Do palco escuro a boca vermelhíssima dela sob o spotlight parece iluminar todas as palavras que diz, Night and Day, convenço-me que canta para mim e fá-lo de uma forma perfeita.
Os que estão presentes neste salão comentam que ela canta para mim.
Tenho o coração acelerado, canto para mim as mesmas palavras da melodia e tudo parece fazer sentido, sinto-me como pertencendo a este ambiente faustoso e de permamente festa em que nada tería o mesmo brilho se eu não estivesse aqui.
É uma sensação de bonomia saber que somos queridos e que fazemos a diferença.
Ela sai do palco e senta-se numa mesa distante na companhia de um homem que desconheço, olho-a, espero a qualquer instante que ela venha até mim, me pegue na mão, me fale num inglês adocicado, sei o que me há-de dizer, digo-o silencioso muitas vezes, talvez assim ela chegue mais rápido e deixe o homem que parece diverti-la.
Admiro-a: as curvas do vestido comprido envolvem-lhe as pernas e o tronco, o cabelo, a boca vermelhíssima tudo é semelhante a uma moldura que a fecha na sua beleza.
Sorrio, sei que me castiga, que me quer deixar ansioso, mas não consegue, a música que cantou foi para mim, Night and day you are the...
O ambiente enche-se de rolos de fumo azulado adensando um mistério bom, sou especial, ela é minha, até os outros o dizem, e sempre a música a confirmar esta ligação, é um inuendo, não é descarada, exibida, é daquelas relações que os outros suspeitam e comentam sem certezas.
Acordo com o meu próprio som de voz a cantar Night and Day, sorrio, rio.
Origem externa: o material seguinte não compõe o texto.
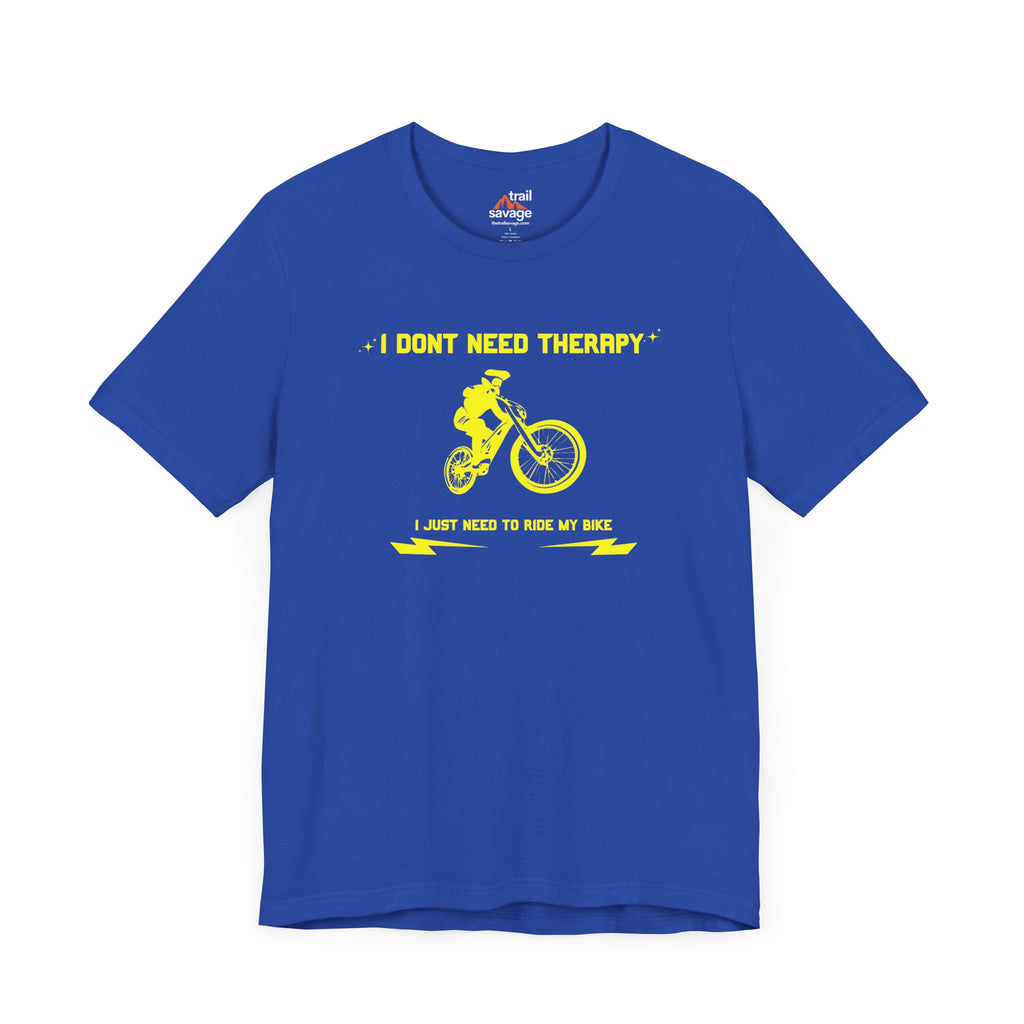 Don't Need Therapy T-Shirt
E depois penso que ela no meu sonho não chegou a regressar à minha mesa, que podería ter sonhado um bocadinho mais até ela se sentar perto de mim, só mais este bocadinho e tería sido perfeito.

8 de março de 2009

Ufa!

Uma palavra de reconhecimento e gratidão por todos quantos aqui vieram na minha ausência.
Trabalho e blog não combinam.
E do primeiro tenho tido fartura até ao enjoo.
Quisera que todas as insónias e pesadelos se fartassem de mim... Mas não, andaram por cá na dose do costume.
Na semana que entra conto-vos. E visito-Vos.